GOAL OF THE EXERCISE:
Your reply should reproduce each line below exactly and carry none of the pictures.

Items from a data source

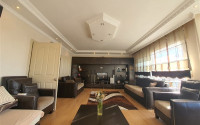 Six-room penthouse, 360m², overlooking the Alanya Fortress in the center of Alanya, 900m from the sea-id-2745-photo-2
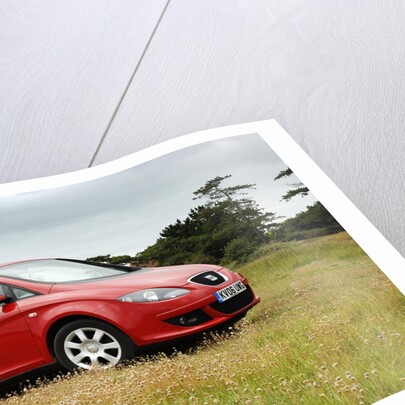 2006 Seat Toledo by Unknown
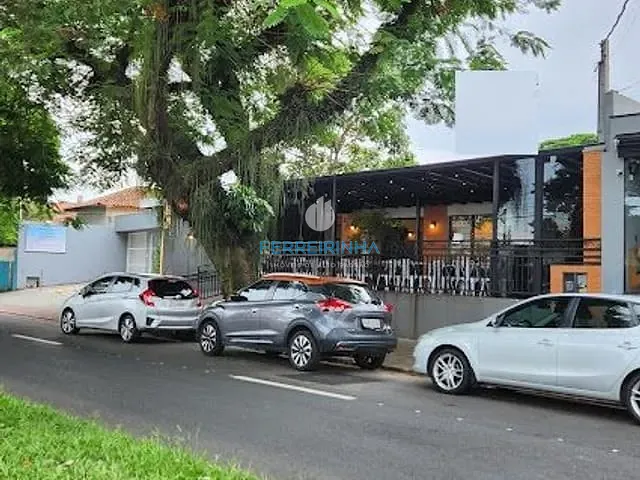 Loja com 450m², à venda, no bairro Jardim Esplanada em São José dos Campos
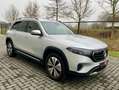 Mercedes-Benz EQB 250 LUXURY Line 7-Seat/Dodehoek/Camera/El.Achterklep Zilver - thumbnail 5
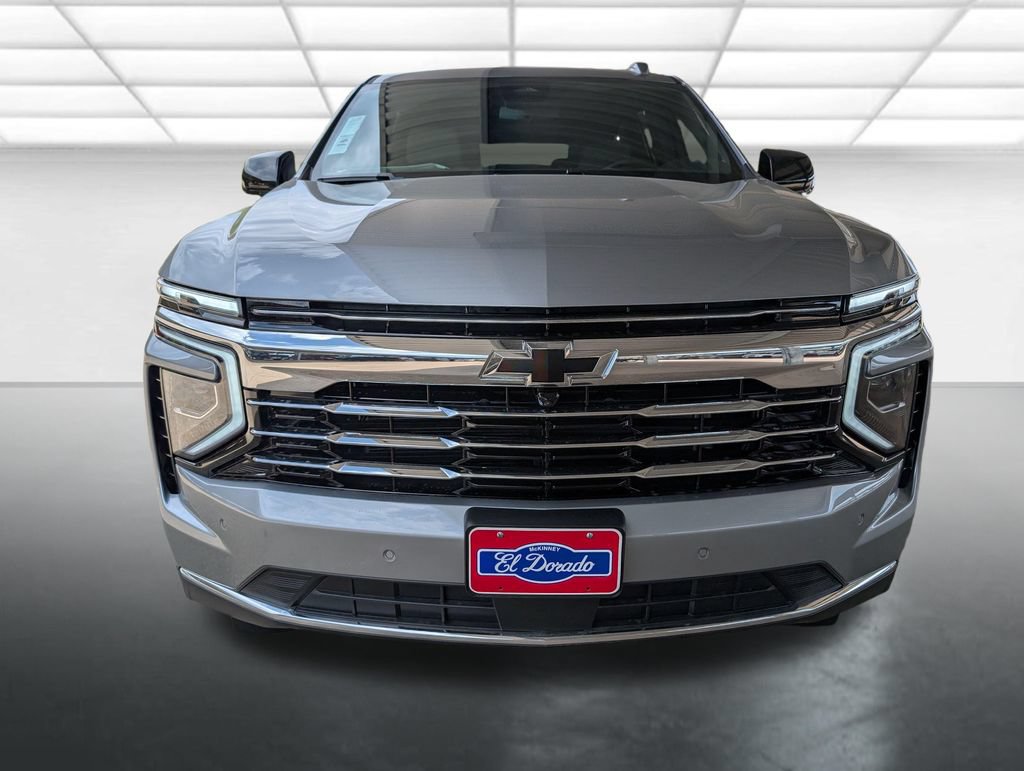 New 2026 Chevrolet Suburban LT w/ LPO, Dark Essentials Package RWD image 29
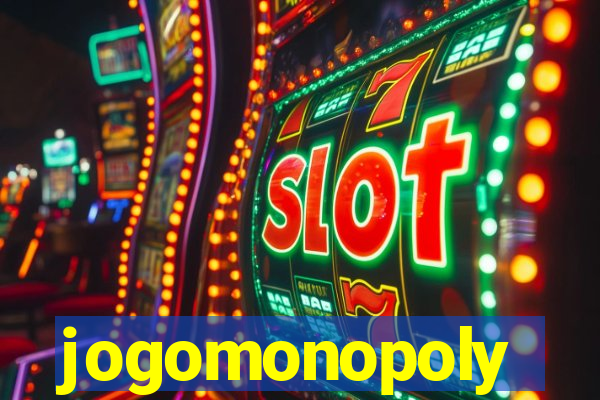 jogomonopoly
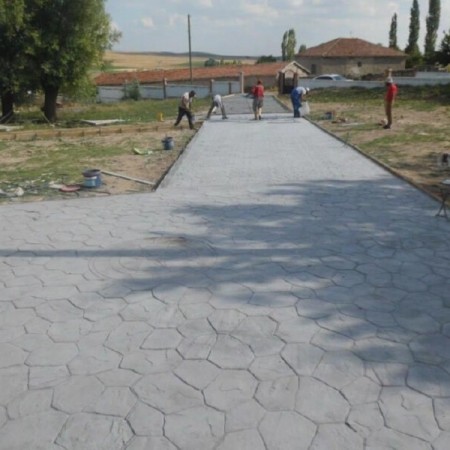 alt_1ANKARA SAHA BETON | ENDÜSTRİYEL ZEMİN KAPLAMALARI
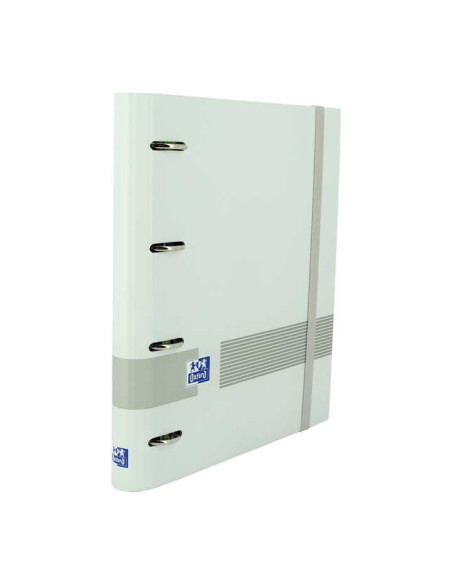 CARPETA OXFORD "EUROPEANBINDER: OXFORD&YOU" A4+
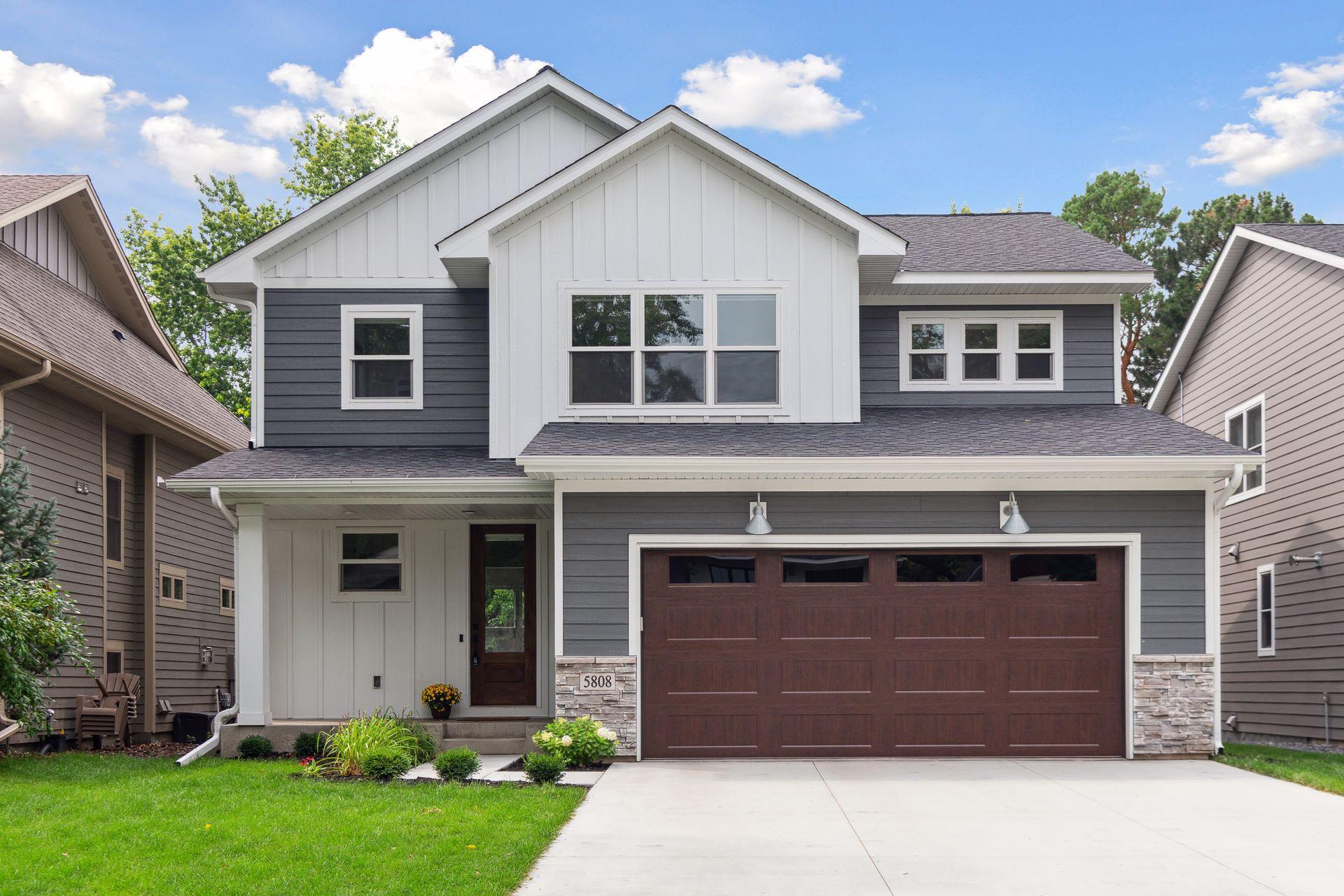 View of Residential at 5808 Ashcroft Avenue, Edina MN 55424, Edina - Mike Wilen | Minnesota Team Real Estate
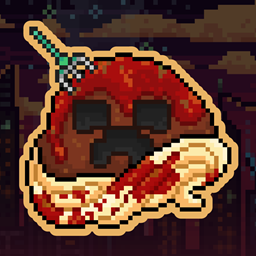 Logo du modpack MeatballCraft, Dimensional Ascension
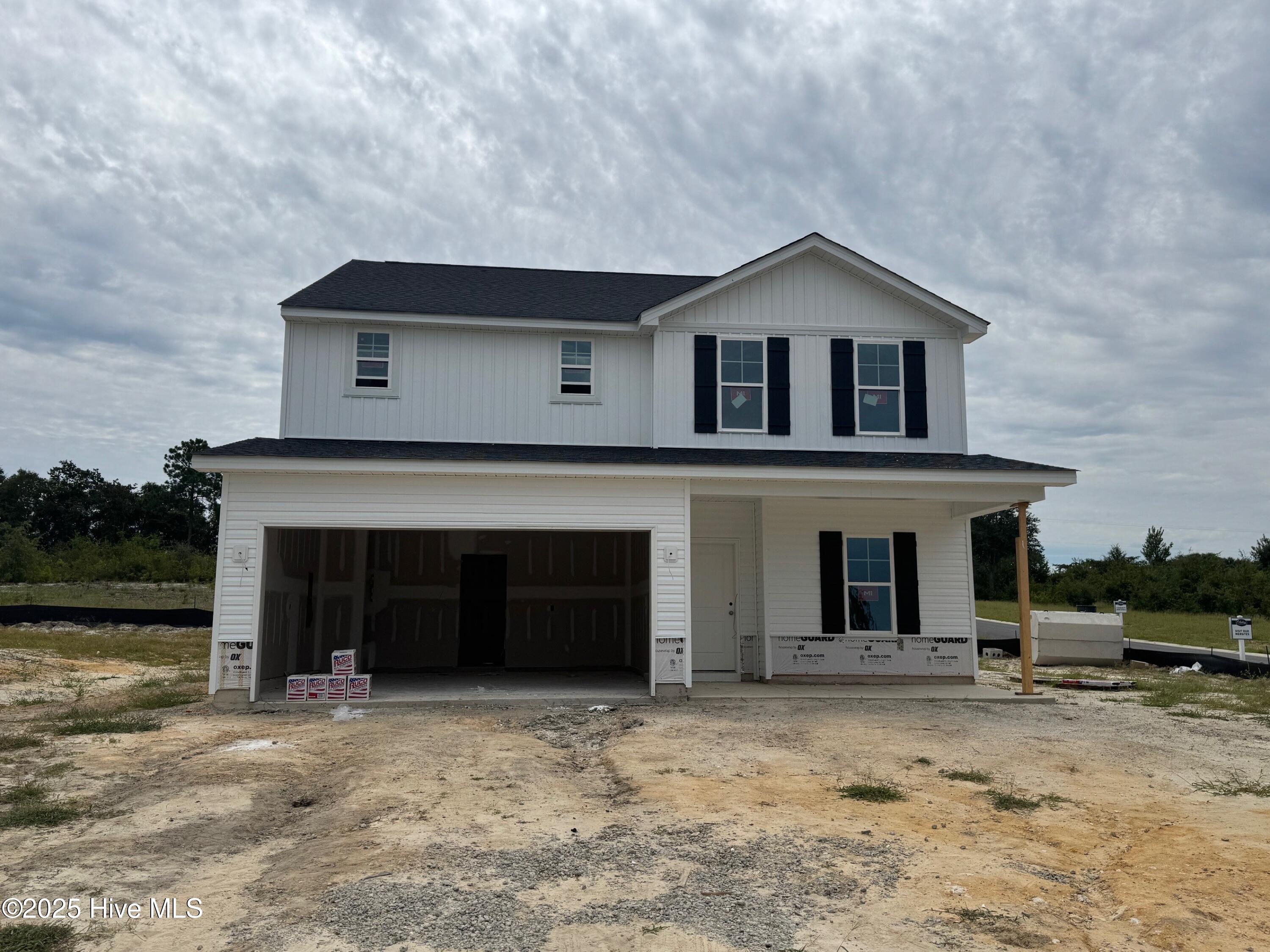 293 Ashley Heights Drive Property Photo 1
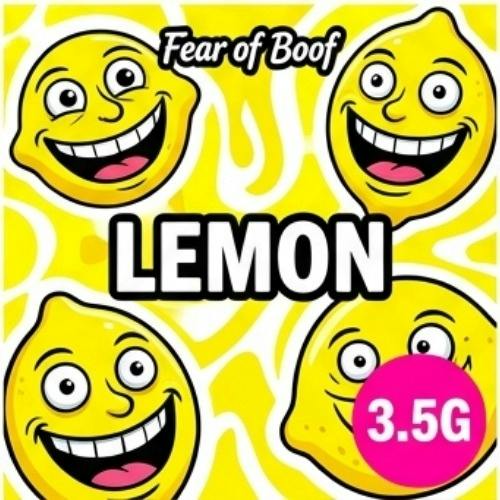 Fear of Boof - Lemon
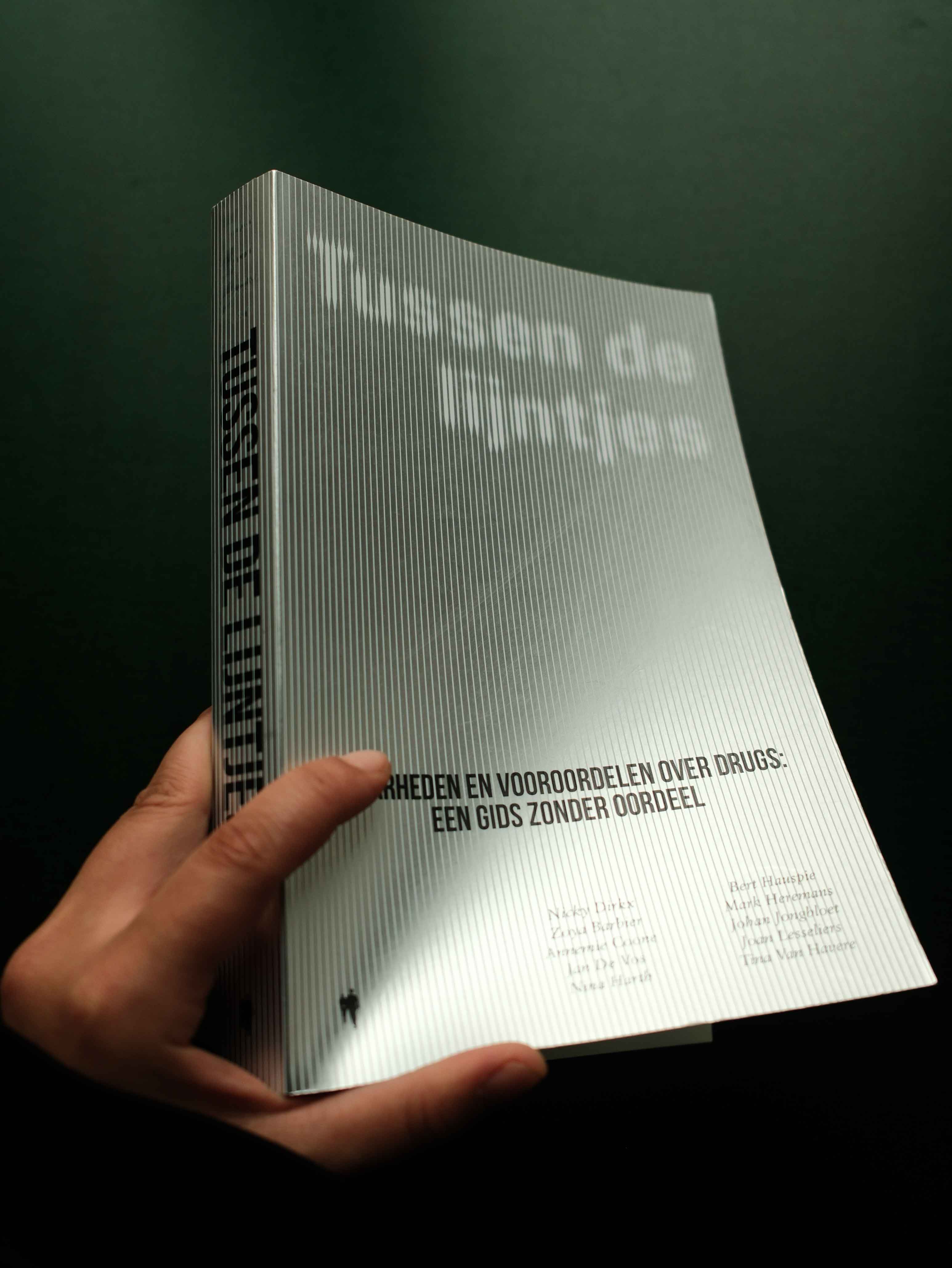 Tussen de lijntjes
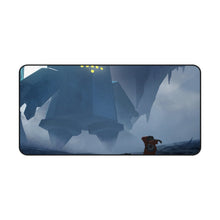 Load image into Gallery viewer, Anime Pokémon Mouse Pad (Desk Mat)
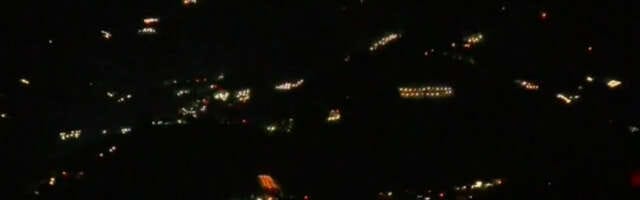 Video>> Descubren gigantes cultivos de Marihuana en Colombia
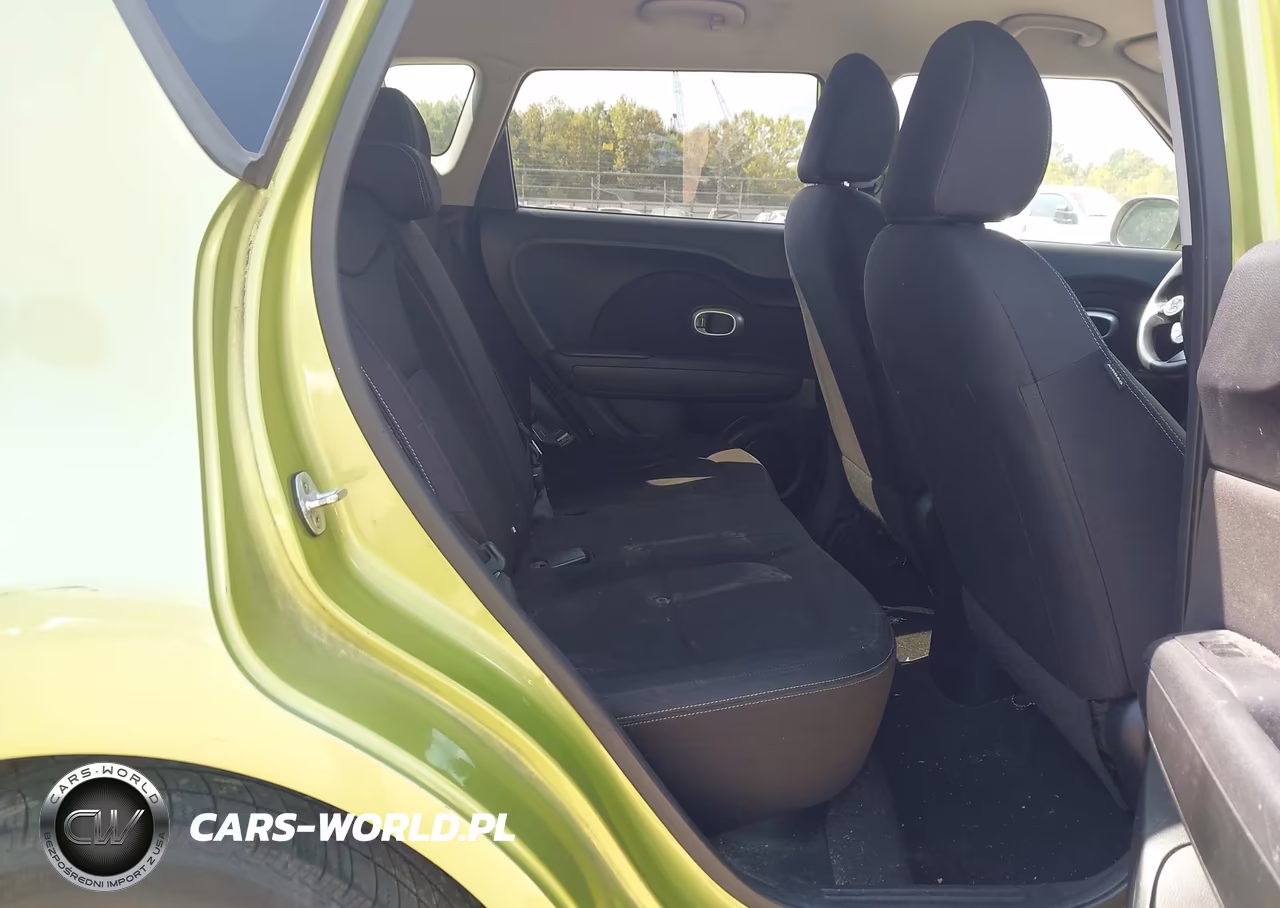 2016 Kia Soul VIN:KNDJN2A21G7852053 - 8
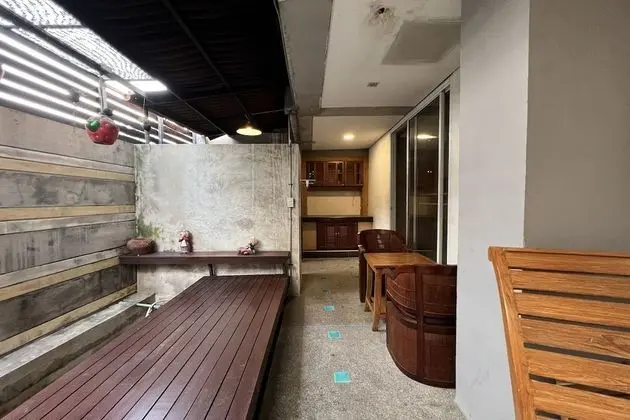Family Süit, 2 Yatak Odası, Kişiye Özel Havuzlu, Şehir Manzaralı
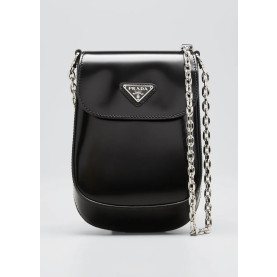 PRADA  프라다 브러시 미니백 1BH185 4COLOR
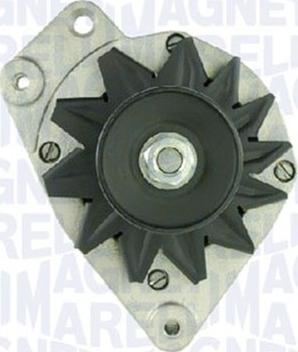 Magneti Marelli 944390342300 - Alternatore autozon.pro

TASK OUTPUT:
 Six-room penthouse, 360m², overlooking the Alanya Fortress in the center of Alanya, 900m from the sea-id-2745-photo-2
 2006 Seat Toledo by Unknown
 Loja com 450m², à venda, no bairro Jardim Esplanada em São José dos Campos
 Mercedes-Benz EQB 250 LUXURY Line 7-Seat/Dodehoek/Camera/El.Achterklep Zilver - thumbnail 5
 New 2026 Chevrolet Suburban LT w/ LPO, Dark Essentials Package RWD image 29
 jogomonopoly
 alt_1ANKARA SAHA BETON | ENDÜSTRİYEL ZEMİN KAPLAMALARI
 CARPETA OXFORD "EUROPEANBINDER: OXFORD&YOU" A4+
 View of Residential at 5808 Ashcroft Avenue, Edina MN 55424, Edina - Mike Wilen | Minnesota Team Real Estate
 Logo du modpack MeatballCraft, Dimensional Ascension
 293 Ashley Heights Drive Property Photo 1
 Fear of Boof - Lemon
 Tussen de lijntjes
 Load image into Gallery viewer, Anime Pokémon Mouse Pad (Desk Mat)
 Video>> Descubren gigantes cultivos de Marihuana en Colombia
 2016 Kia Soul VIN:KNDJN2A21G7852053 - 8
Family Süit, 2 Yatak Odası, Kişiye Özel Havuzlu, Şehir Manzaralı
 PRADA  프라다 브러시 미니백 1BH185 4COLOR
 Magneti Marelli 944390342300 - Alternatore autozon.pro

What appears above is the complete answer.